> [Exercise inputs]:
=====

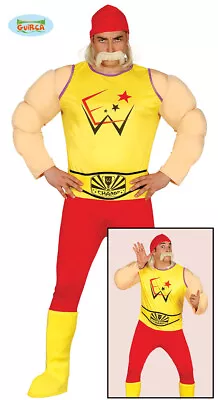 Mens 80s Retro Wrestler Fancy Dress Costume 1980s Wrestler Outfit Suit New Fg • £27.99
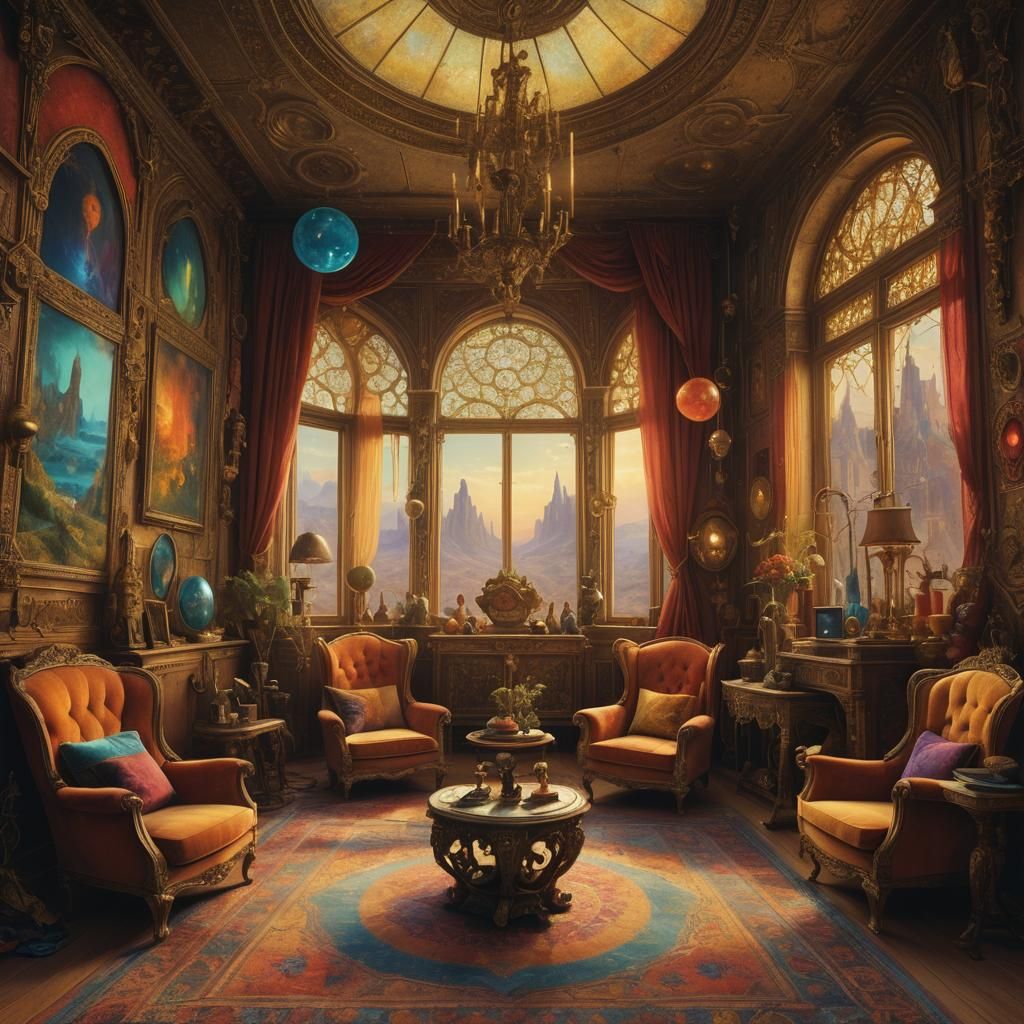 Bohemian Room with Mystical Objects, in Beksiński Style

=====

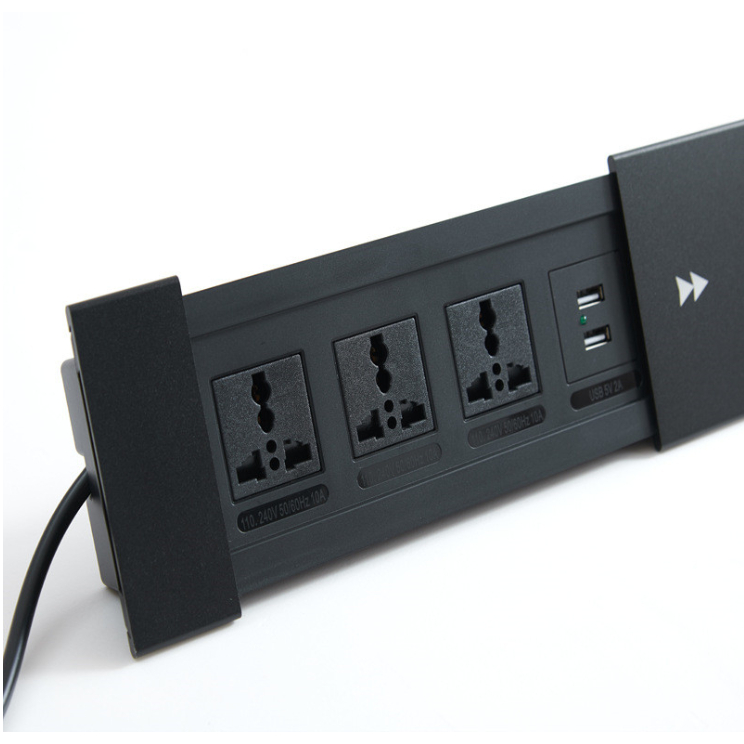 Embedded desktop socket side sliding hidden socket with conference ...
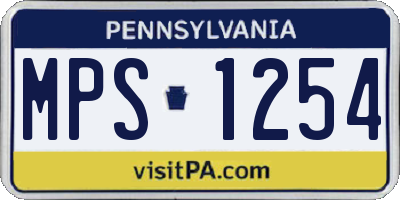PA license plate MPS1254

=====

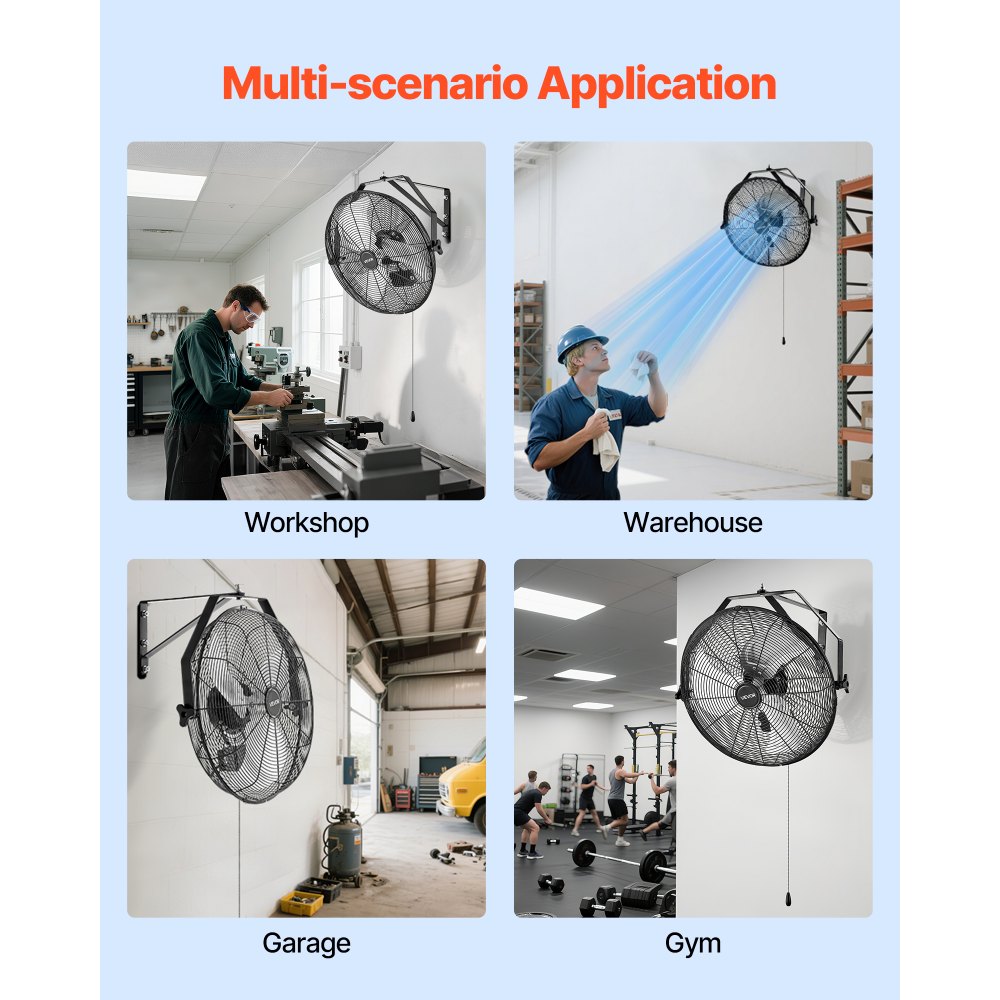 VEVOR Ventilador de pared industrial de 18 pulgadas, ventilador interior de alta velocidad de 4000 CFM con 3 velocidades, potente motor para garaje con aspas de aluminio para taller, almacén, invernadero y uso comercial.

=====

Once the line with "Mens 80s Retro" is found above, transcribe each line from it through the line with "Bohemian Room with", exactly, and omit the pictures.

 Mens 80s Retro Wrestler Fancy Dress Costume 1980s Wrestler Outfit Suit New Fg • £27.99
 Bohemian Room with Mystical Objects, in Beksiński Style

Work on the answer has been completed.